_GIVEN MATERIAL_:
╔══
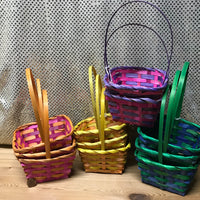 Bamboo Easter Basket - Small 5x5.5"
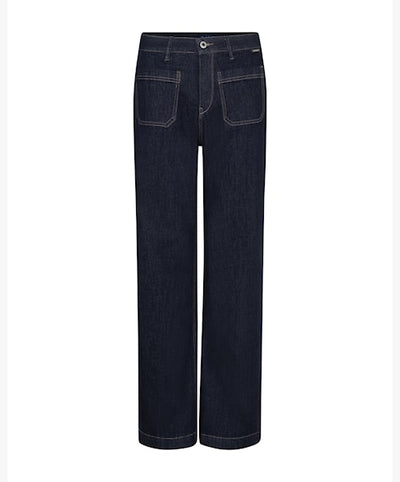 Red Button  Colette front patch pockets Forever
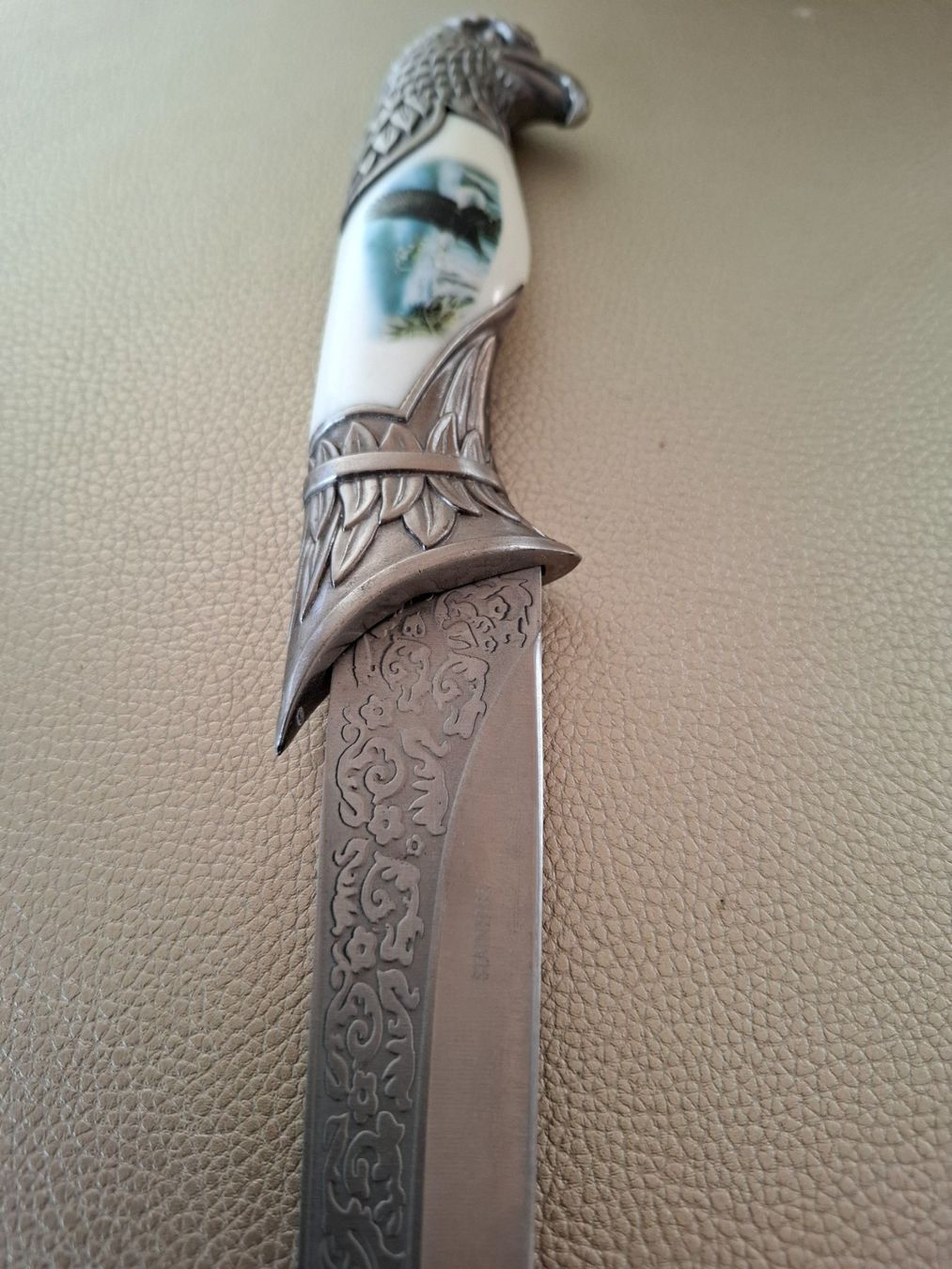 Accessori: Superbe Couteau de Collection - Aigle - 33 cm – Usato da Meinier venduto da Gattuso22 4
╚══
_INSTRUCTIONS FOR THE TASK_: Retype the lines starting with the one that holds "patch pockets Forever" and ending with the last line of the data above, both included; skip the pictures.

_OUTPUT OF THE TASK_:
 Red Button  Colette front patch pockets Forever
 Accessori: Superbe Couteau de Collection - Aigle - 33 cm – Usato da Meinier venduto da Gattuso22 4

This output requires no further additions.